Нет, не планирую. Не подумайте, что я хвастаюсь, но я каталогизирую что-то только тогда, когда я уверен, что делаю вклад в мировую художественную культуру. Поэтому все каталоги у меня на двух языках: русском и английском. Я издал три огромных тома по советскому фарфору — это самое полное издание по этой теме, и это рассчитано и на западную аудиторию, потому что для них это полное откровение. Так же как и каталог живописи, тоже на английском. Сейчас будет каталог майолики Врубеля, гениального русского художника, которого никто в мире толком не знает, — на английском. Но, к сожалению, каталог Дубосарского и Виноградова, Кошлякова и Гутова и так далее не интересен никому из тех, кто говорит на английском. Вот в этом главная беда.

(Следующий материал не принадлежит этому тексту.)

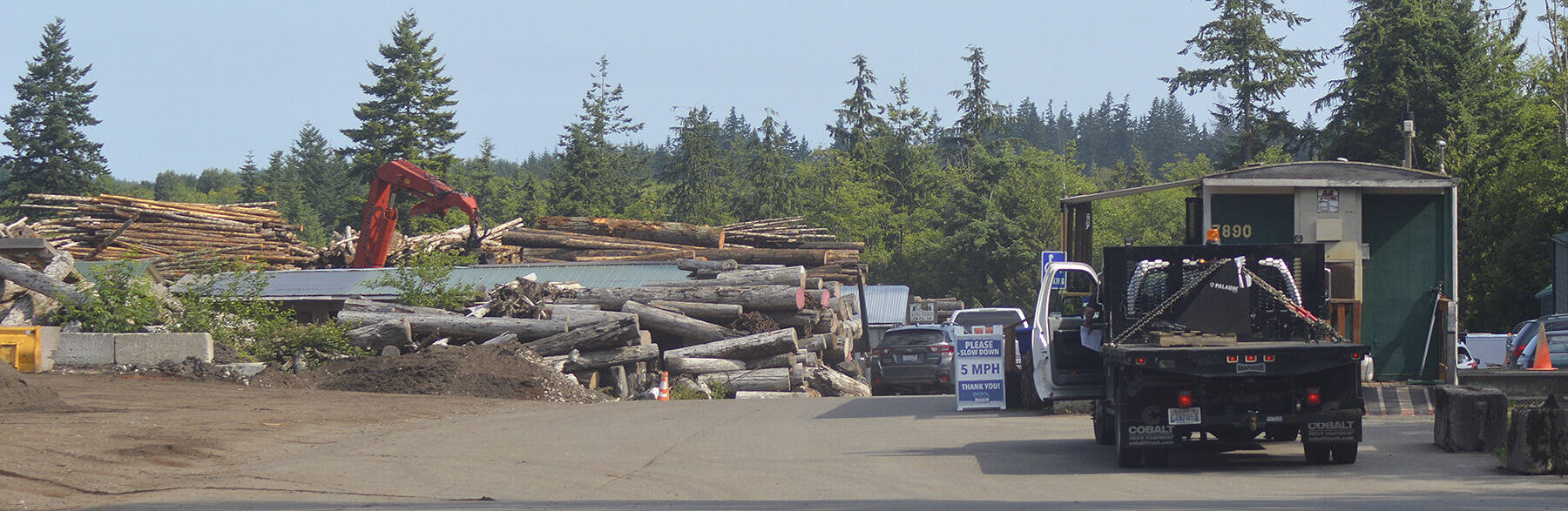 A truck pulls in to Olympic Organics in Kingston. Steve Powell/Kitsap News Group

Современное искусство вы смотрите на выставках, биеннале?
Нет, я никогда не езжу на биеннале, не могу в толпе ходить. Картины надо смотреть один на один. Мне очень нравится идея ночных посещений музеев. Музей открывается ночью, там нет людей, можно спокойно всё посмотреть. Ни на одной биеннале никогда в жизни поэтому и не был, в толпе из тысячи людей смотреть на искусство я не могу.

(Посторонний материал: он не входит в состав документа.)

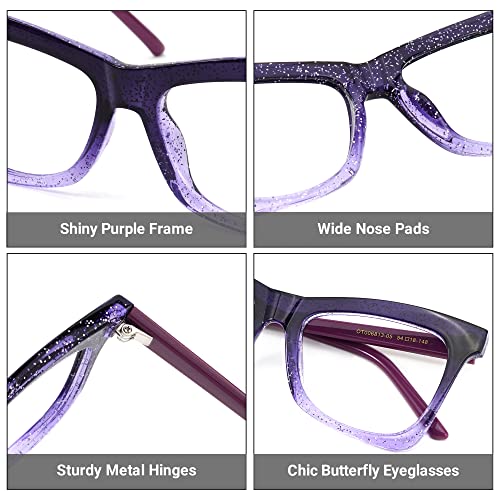 Image of Zeelool Stylish TR90 Oversized Butterfly Glasses with Non-prescription Clear Lens for Women Yaritza OT006813-05 Purple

Какой совет вы могли бы дать начинающим коллекционерам?
Первое — понять, что нравится, в чем угадывается потенциал, а потом начать покупать. На самом деле, это очень мало связано с деньгами. Самое главное — чтобы нравилось и было близко по духу. Я вчера весь вечер смотрел коллекцию графики Максима Боксера; у него камерная, но прекрасная коллекция рисунков Серебряного века, ему это очень близко. Она не очень дорогая, сумасшедших денег у него никогда не было, но она замечательная.
Нужно быть готовым к тому, чтобы собирать систематически, хорошо разбираться в том, что планируете собирать, а самое главное — нужно любить предмет коллекционирования. Нельзя собирать через куратора, надо всё делать самому. Если вы нанимаете куратора, чтобы вам собрали коллекцию, то это совершенно бессмысленная история, я не знаю, зачем это нужно делать. Хорошую коллекцию можно собрать, только если у самого есть тяга к этому.
Если бы я сейчас только начинал коллекционировать, я нашел бы какую-нибудь нишу и без всяких особенных денег обязательно что-нибудь собрал.
Но, по вашим словам, антикварный рынок сейчас совершенно вымыт. Как же можно собрать коллекцию?
Вымыты первоклассные вещи, но вот опять же можно собирать нишевую коллекцию, в этом ничего зазорного нет. Для нишевой коллекции российские художники вполне годятся, особенно молодые художники. Ведь, смотрите, те художники, которых мы с вами перечисляли, это мое поколение, лично я их многих знаю, и мне их искусство понятно. А у молодежи свое поколение, и кто-то из них вполне может стать великим. Так что начинающим коллекционерам собирать молодых российских художников вполне возможно. Да вообще, тысячи вещей можно собирать, ведь собирательство — такая интересная жизнь!